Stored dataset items
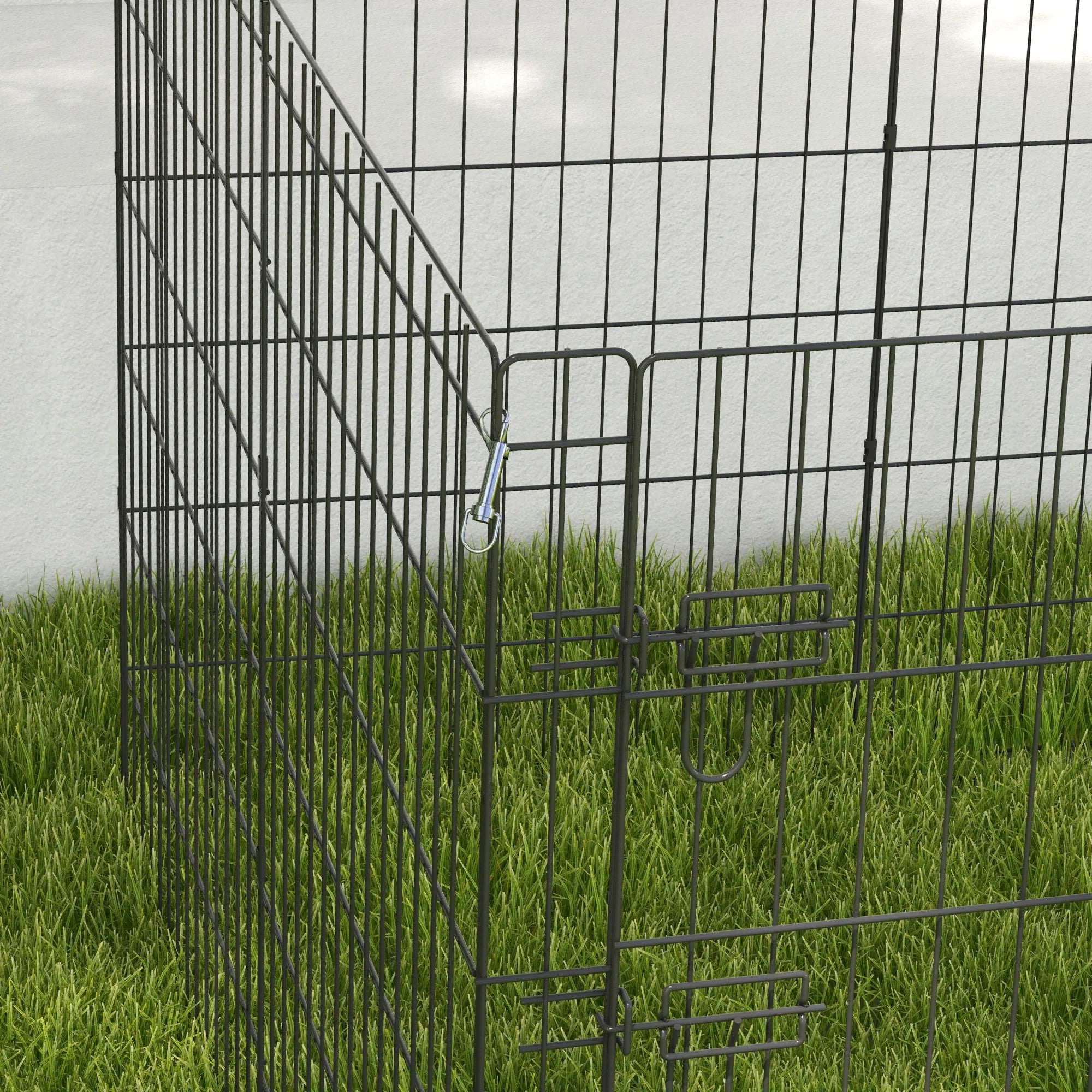 Šuniukų aptvaras su durelėmis, iki 20 kg, juodas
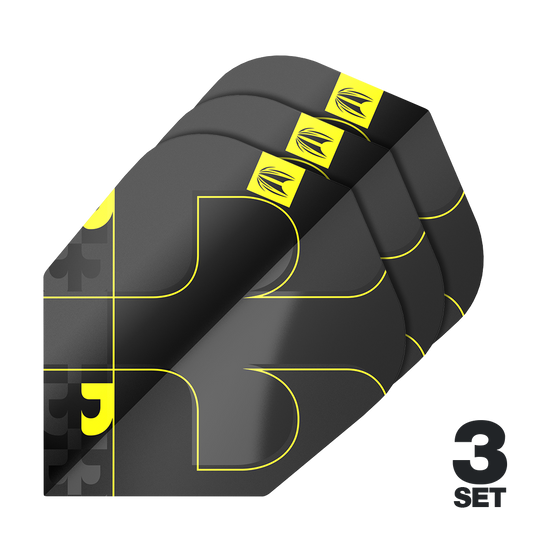 Target ProUltra Bolide Void No6 Flights Das Bild zeigt das Produkt "Target ProUltra Bolide Void No6 Flights" in einer schwarzen und gelben Farbkombination. Es sind drei Sets der Flights abgebildet.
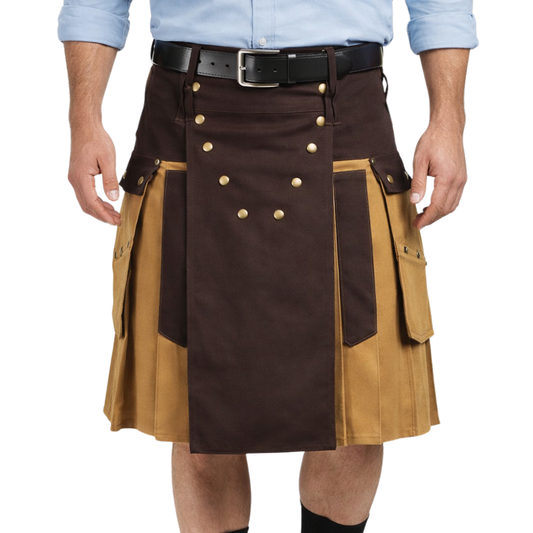 Brown and Khaki Utility Kilt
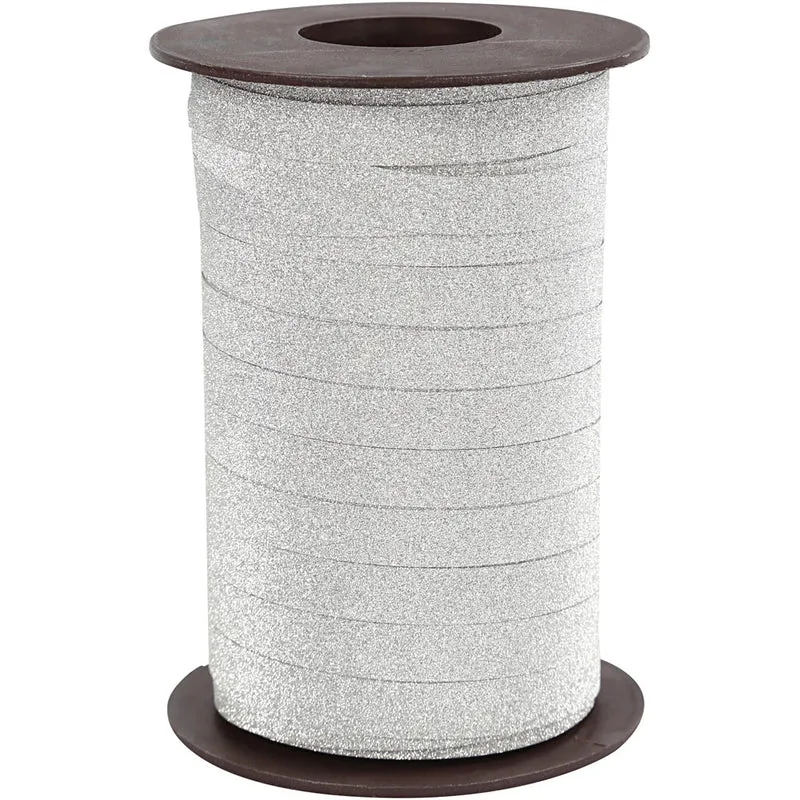 Kräuselband, B 10 mm, Glitter, Silber, 100 m/ 1 Pck [HOB-20227]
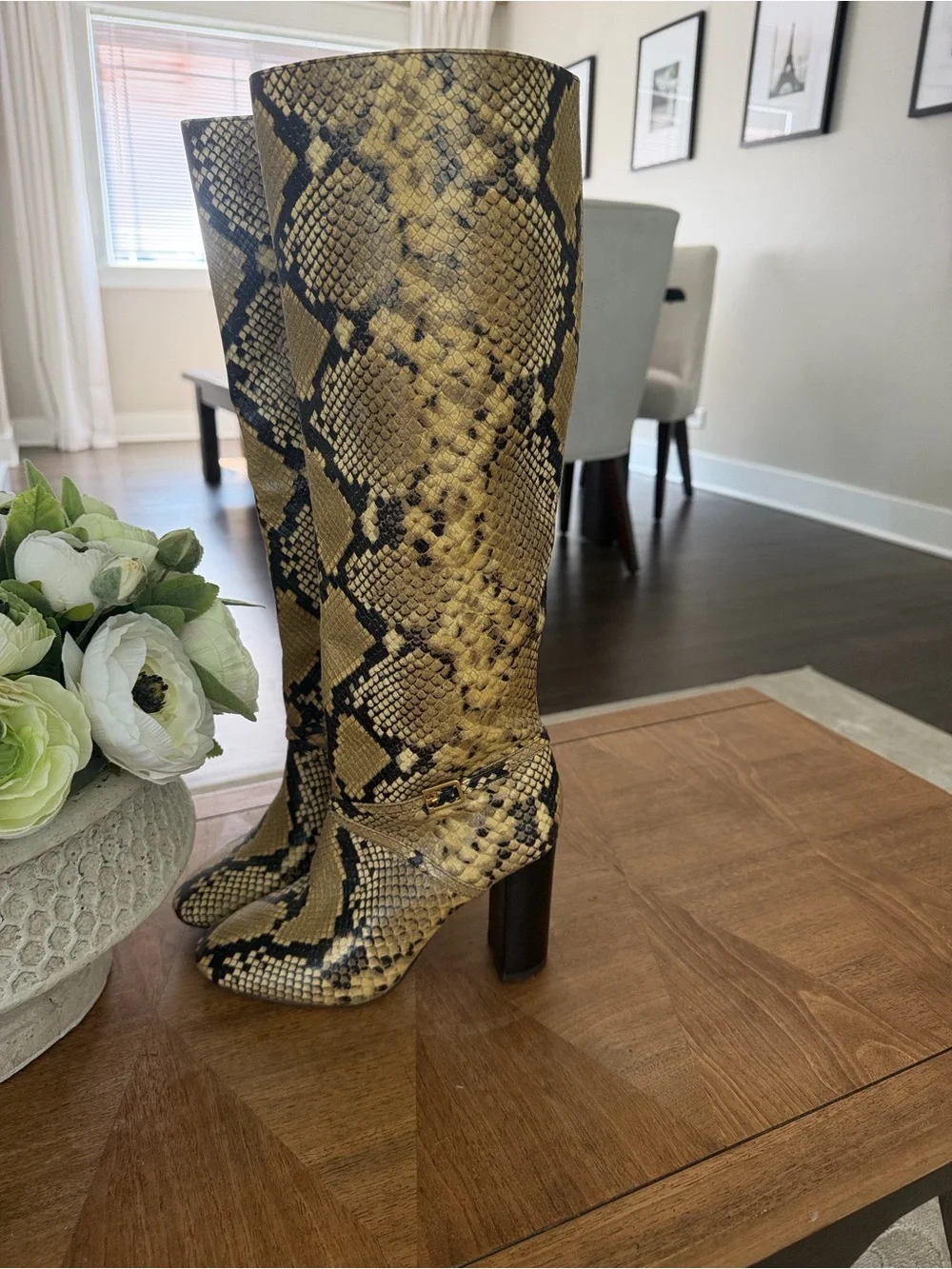 Tory Burch Pull On Snake Embossed Leather Boots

§ **What the task asks**
Output the records above in their entirety and exactly, leaving out all images.

§ **Result below**
 Šuniukų aptvaras su durelėmis, iki 20 kg, juodas
 Target ProUltra Bolide Void No6 Flights Das Bild zeigt das Produkt "Target ProUltra Bolide Void No6 Flights" in einer schwarzen und gelben Farbkombination. Es sind drei Sets der Flights abgebildet.
 Brown and Khaki Utility Kilt
 Kräuselband, B 10 mm, Glitter, Silber, 100 m/ 1 Pck [HOB-20227]
 Tory Burch Pull On Snake Embossed Leather Boots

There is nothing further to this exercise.